== Data for processing
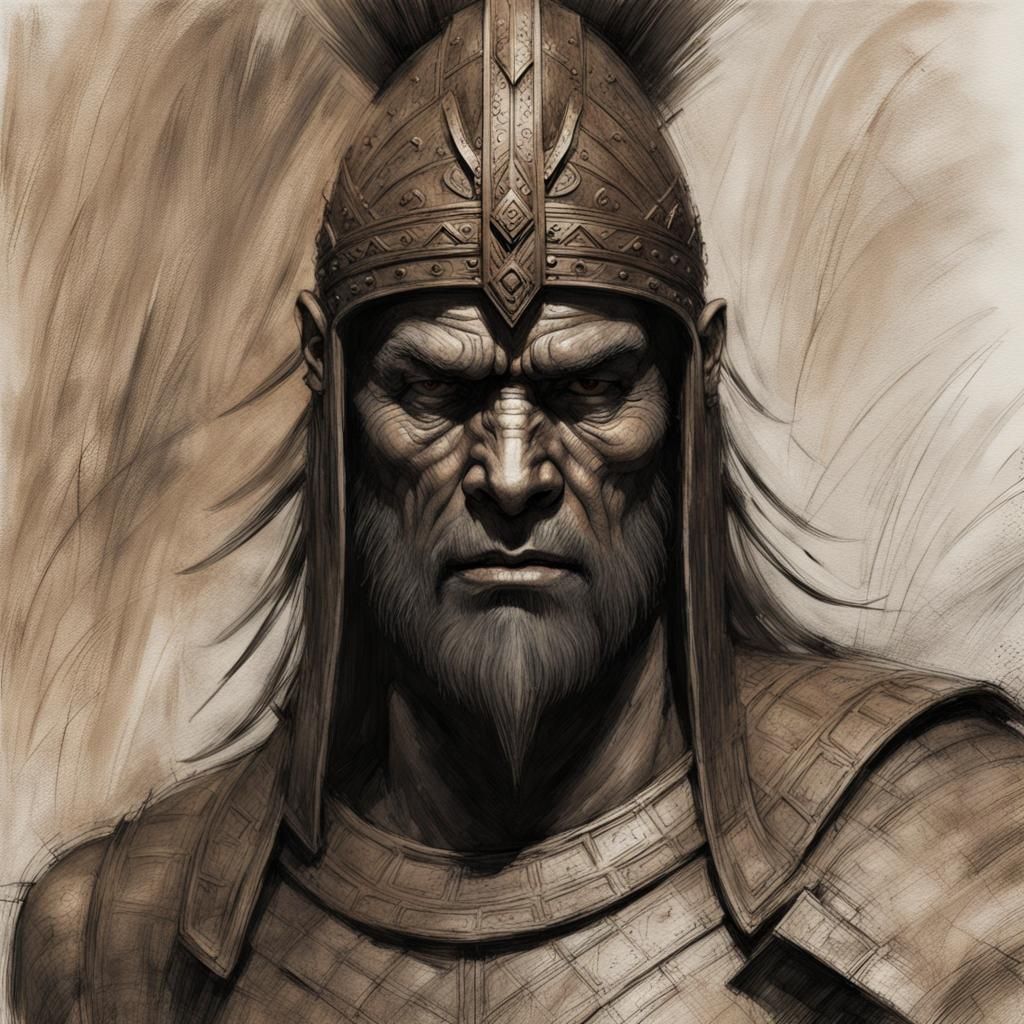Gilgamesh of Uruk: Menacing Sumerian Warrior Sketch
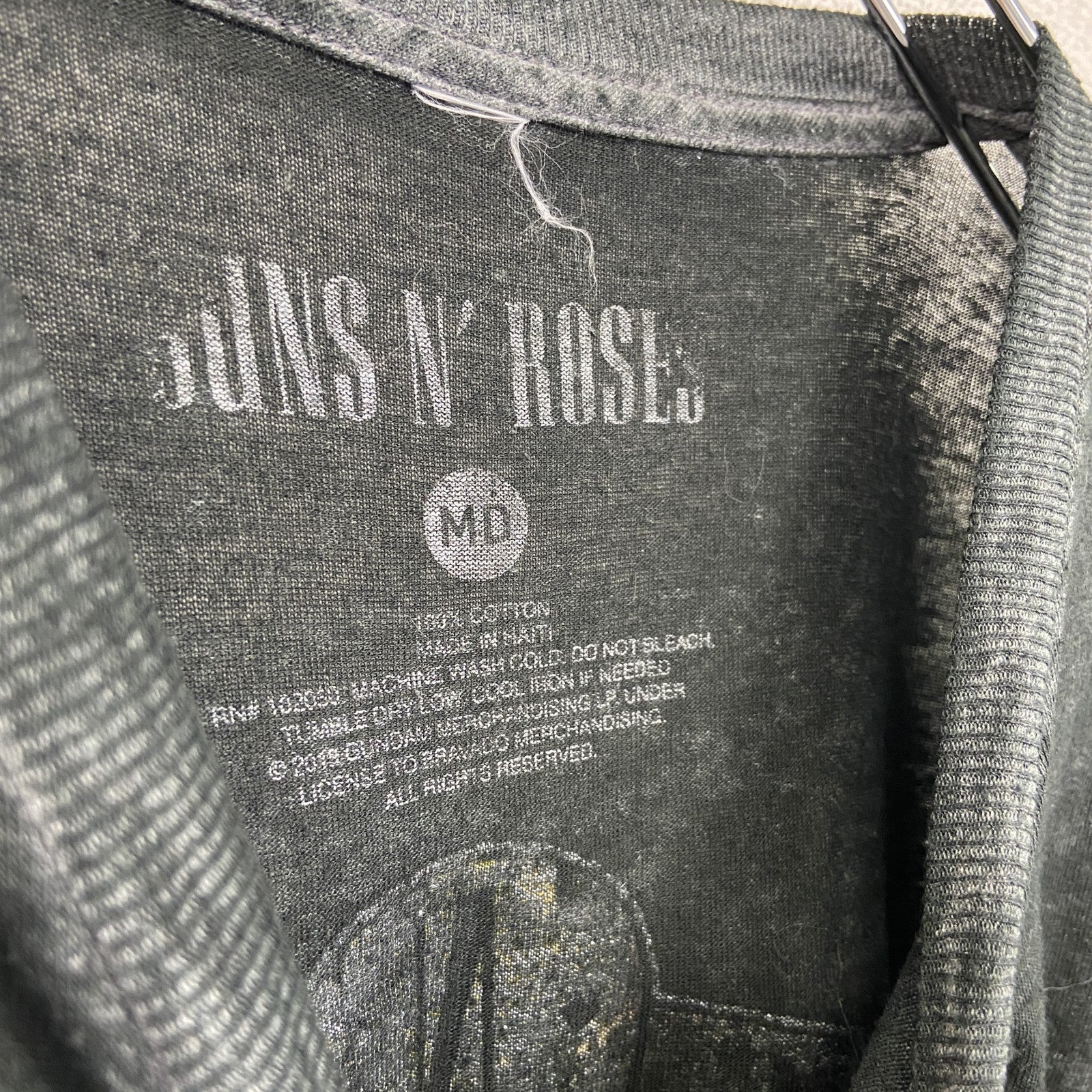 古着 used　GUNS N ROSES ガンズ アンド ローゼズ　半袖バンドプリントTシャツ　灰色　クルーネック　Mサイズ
====
== Data for processing
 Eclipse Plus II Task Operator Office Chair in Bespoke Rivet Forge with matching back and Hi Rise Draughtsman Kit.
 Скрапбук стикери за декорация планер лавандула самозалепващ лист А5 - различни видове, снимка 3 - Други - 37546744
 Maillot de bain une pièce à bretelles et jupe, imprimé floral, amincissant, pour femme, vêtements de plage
====
== Data for processing
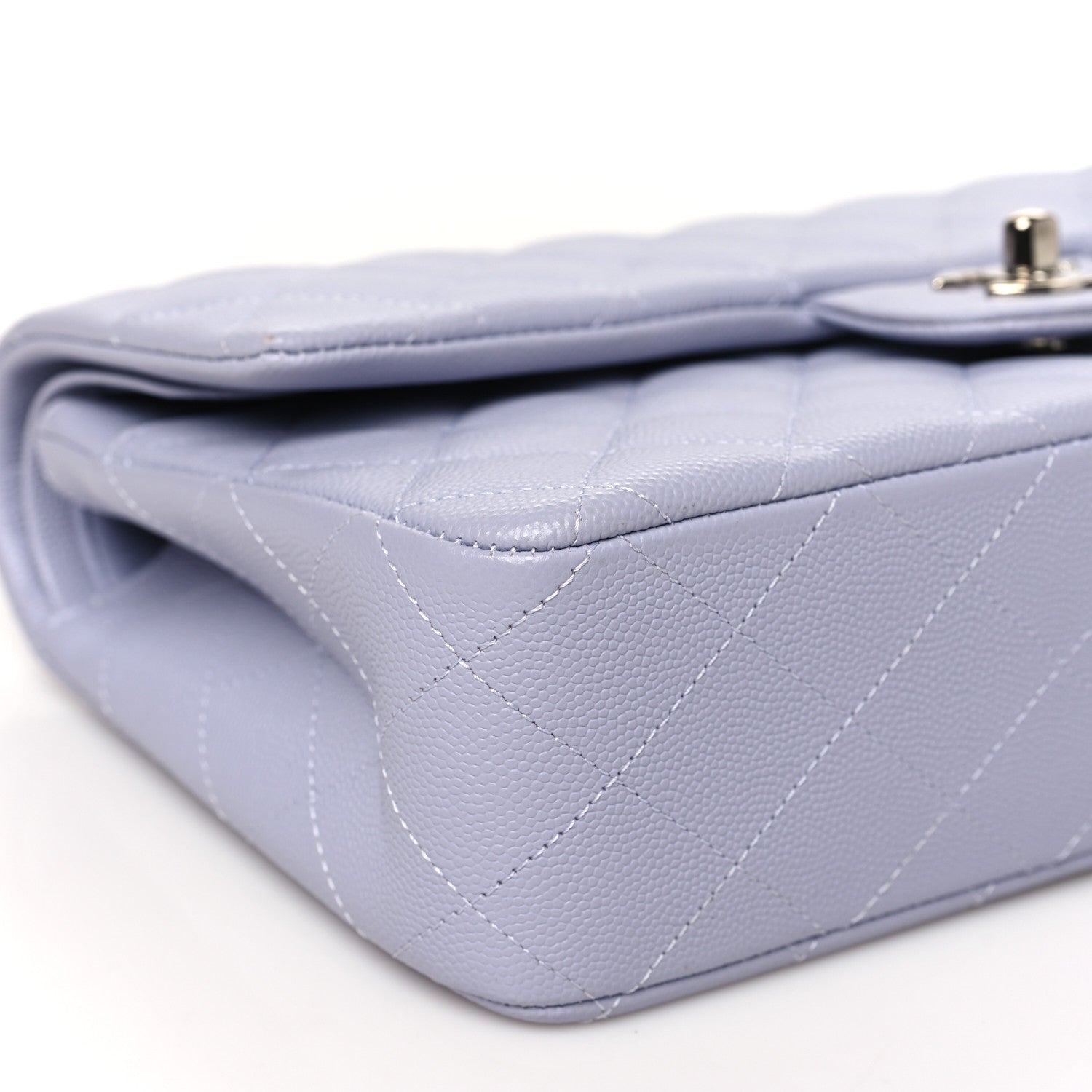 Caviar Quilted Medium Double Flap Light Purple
====
Aim of the task:
All pictures are to be skipped. Output, word for word, the lines in the data above starting at the line containing "Gilgamesh of Uruk: Menacing" and ending at the line containing "古着 used　GUNS N".

Output for this task:
Gilgamesh of Uruk: Menacing Sumerian Warrior Sketch
 古着 used　GUNS N ROSES ガンズ アンド ローゼズ　半袖バンドプリントTシャツ　灰色　クルーネック　Mサイズ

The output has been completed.